Rules, tests, and errors#
Business Language has grammar-level support for executable rules, validation rule blocks, tests, and message-centered error handling.
Rules#
Rules are reusable executable declarations. A rule can have a full function-like body or be declared by name for implementation elsewhere.
rule can_post_invoice(invoice: Invoice): bool {
return invoice.status == "ready";
}
rule configured_elsewhere;Executable rule declarations use the colon return form. Do not write rule name(...) -> Type; that is function syntax, not rule syntax.
Use rules for reusable logic. If a rule depends on configurable thresholds, routes, statuses, outcomes, or reason codes, resolve those values from configuration tables.
Validation rule blocks#
Standalone validation rule declarations support ensure, check, and require statements. In this form, ensure requires message, check requires on, and require requires else.
validation rule RequiredInvoiceAmount {
ensure amount is not null message "Amount is required";
check amount > 0 on amount;
require currency_code is not null else "Currency is required";
}Named validation declarations can group validation statements and validation functions.

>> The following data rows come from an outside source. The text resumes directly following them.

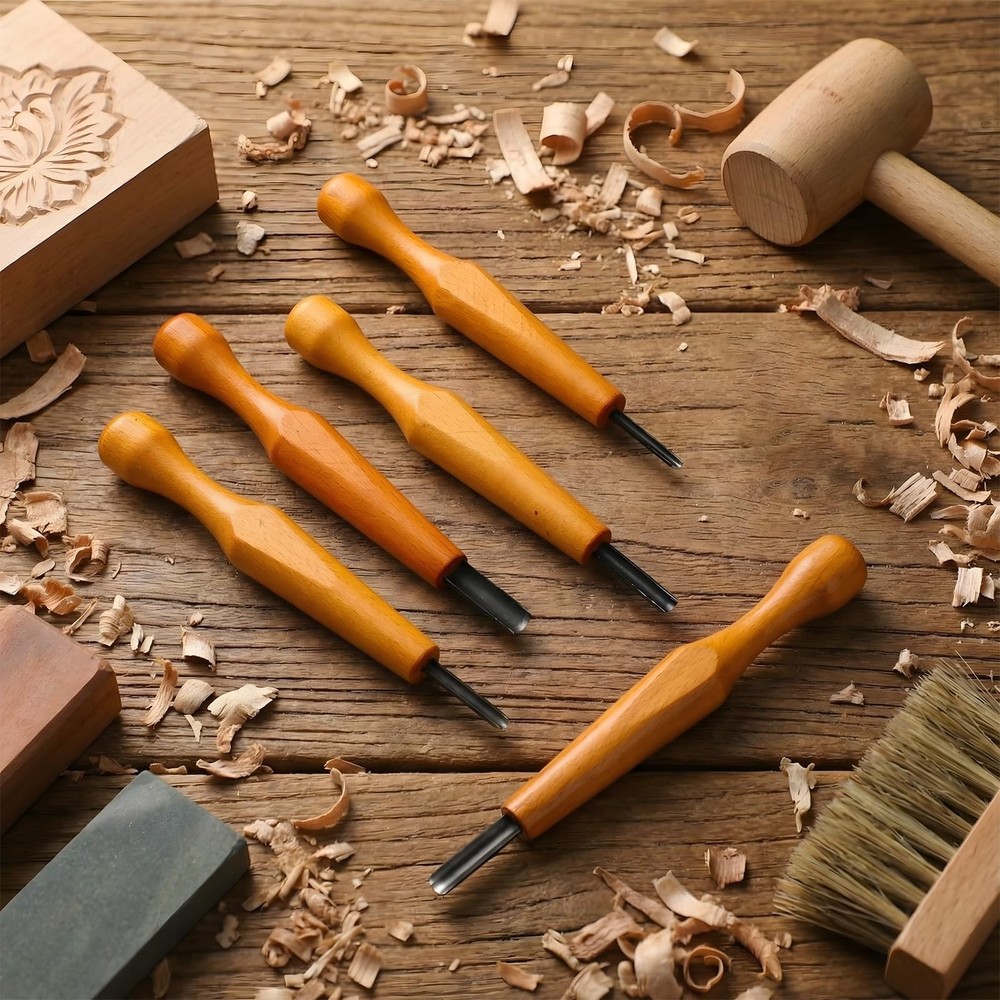 WILLBOND 5 Pcs Linocut Carving Tools Set Triangular Linoleum Various Sizes Wo...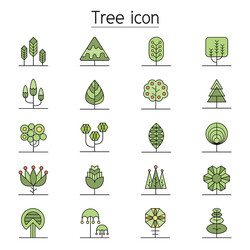 tree icon set in color line style vector image
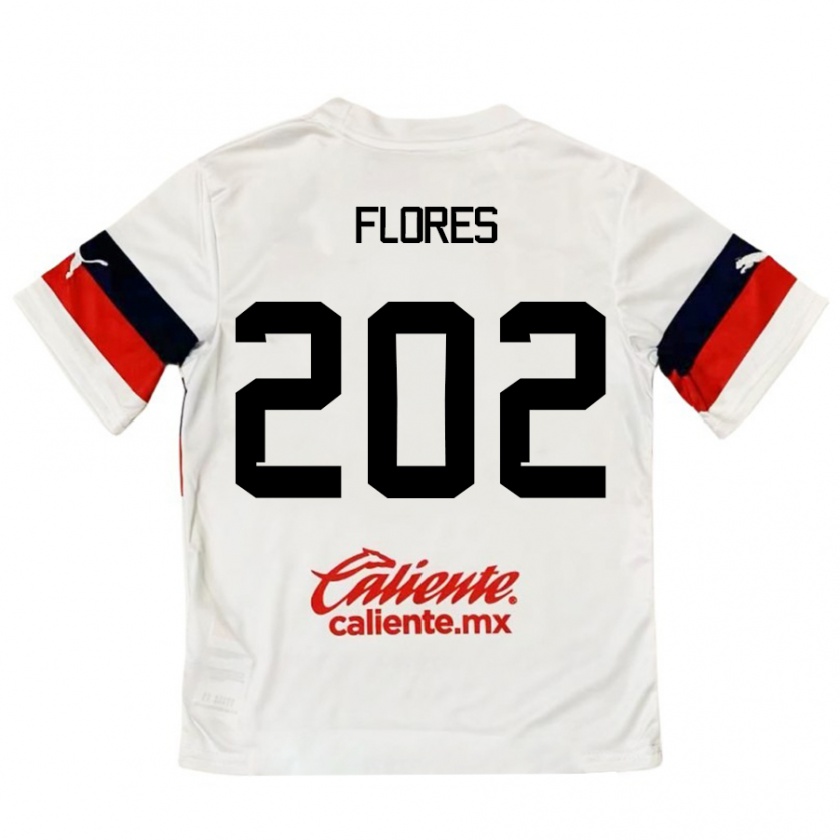 Kandiny Enfant Maillot Daniel Flores #202 Blanc Rouge Tenues Extérieur 2024/25 T-Shirt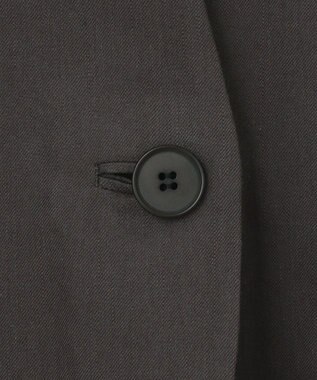 ICB 【吸水速乾機能付き】ペーパーコットンリネンツイル　ノーカラージャケット チャコール系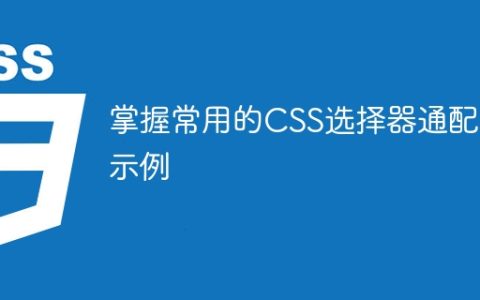 常见的CSS选择器通配符示例掌握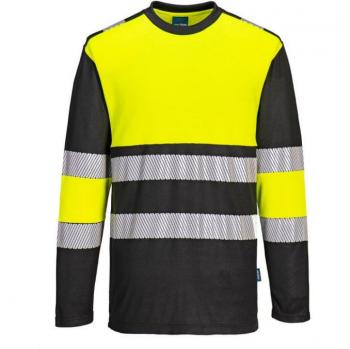 Bicolor PW3 Camiseta de Seguridad Alta Visibilidad Punto PortWest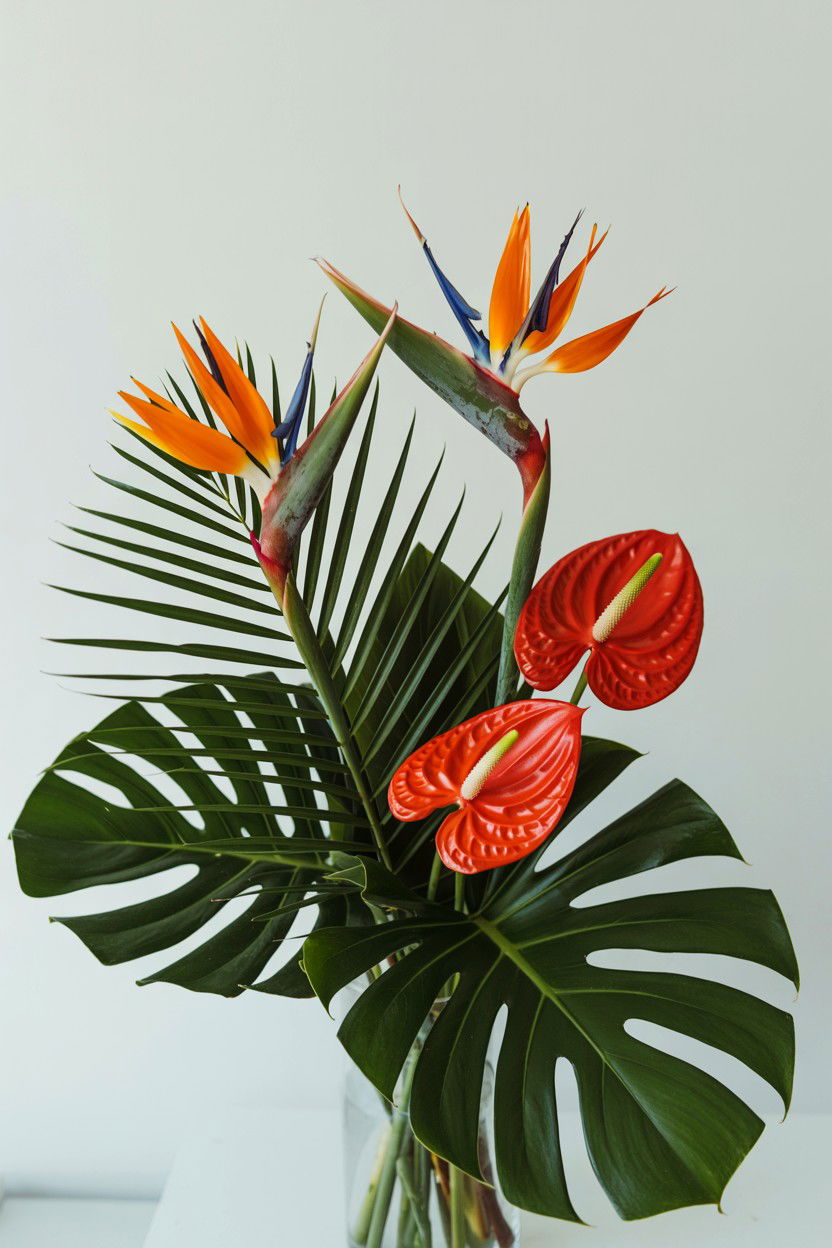 Tropical flower arrangement - 25 Valentine's Day Bouquet Ideas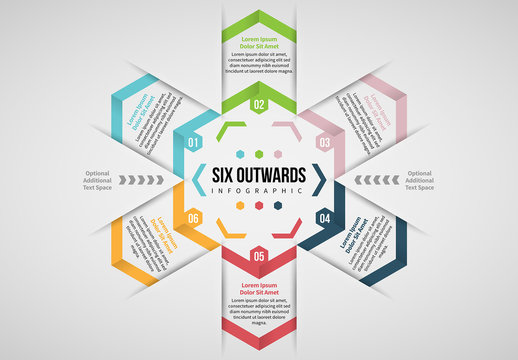 Six Outwards Hexagon Pillars Infographic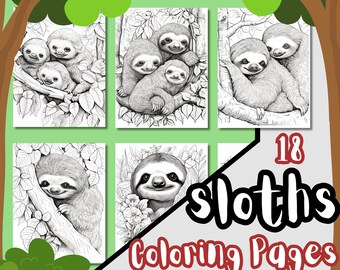Páginas para colorear de perezosos para niños y adultos, Perezosos bebés y familias de perezosos, Libro para colorear de perezosos para todas las edades, Libro para colorear de perezosos en la naturaleza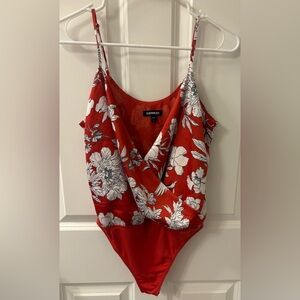 Express Red Floral Wrap Bodysuit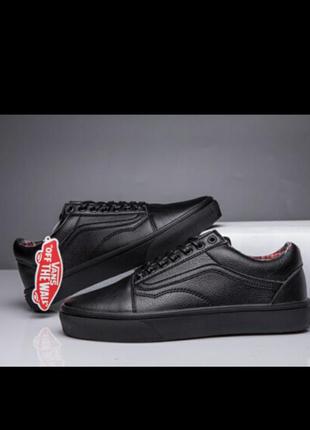 Кеды vans old skool leather monochrome black кожа1 фото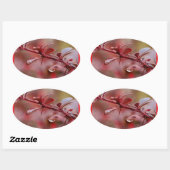 Sticker Ovale rouge feuillu (Feuille)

In this form, message, on, and else trailers are optional.
validation InvoiceValidation {
ensure amount > 0 message "Amount must be positive";
check vendor_id is not null on vendor_id;
require status is not null else "Status is required";
validate can_post(invoice: Invoice): bool {
return invoice.status == "ready";
}
}Validation functions also accept -> return markers and trailing parameter commas.
validation InvoiceValidation {
validate normalize(input: string, fallback: string = "n/a",) -> string {
return input ?? fallback;
}
}Tests#
Tests are declaration blocks with context values, assertions, expectations, setup, and teardown.
For the full syntax reference, see Test declarations.
test InvoicePostingTest {
context invoice: Invoice = sample_invoice;
setup {
seed_posting_policy();
}
assert invoice.amount > 0;
expect can_post_invoice(invoice) to be true;
expect post_invoice(invoice) to throw PostingError;
teardown {
clear_posting_policy();
}
}Supported expectation matchers are:
| Matcher | Shape |
|---|---|
| Throw | expect expr to throw Type |
| Be | expect expr to be value |
| Equal | expect expr to equal value |
| Contain | expect expr to contain value |
Throw matchers accept full type expressions, including qualified names.
test QualifiedFailure {
expect post_invoice(invoice) to throw errors.PostingError;
}Error declarations#
The minimal error declaration form declares a named error.
error PostingError;User-facing failures should prefer declared messages with stable codes, severity, category, and localized text.
Try, catch, and finally#
try {
post_invoice(invoice);
} catch (err: PostingError) {
raise message posting_failed(invoice.invoice_id);
} finally {
release_posting_lock(invoice.invoice_id);
}Additional catch clauses in normal statements use typed parameters.
try {
post_invoice(invoice);
} catch (err: PostingError) {
raise message unexpected_posting_error();
}Message-backed raises#
Use message-backed raises for user-facing failures.
raise message posting_policy_required(company_code_param) with {
company_code: company_code_param;
};
raise posting_policy_required;
raise posting_policy_required(company_code_param);
throw message posting_policy_required(company_code_param);
throw error_value;The raise grammar supports message Name(args), message(args), or Name(args), with optional context entries after with. Message-backed raises can include arguments or omit them. Use throw <expression>; for non-message expression throws.
Closed failure behavior#
Missing required configuration should raise a declared message-backed error. Do not continue with fallback behavior for missing policies, unsupported modes, unknown actions, or invalid enum-like values.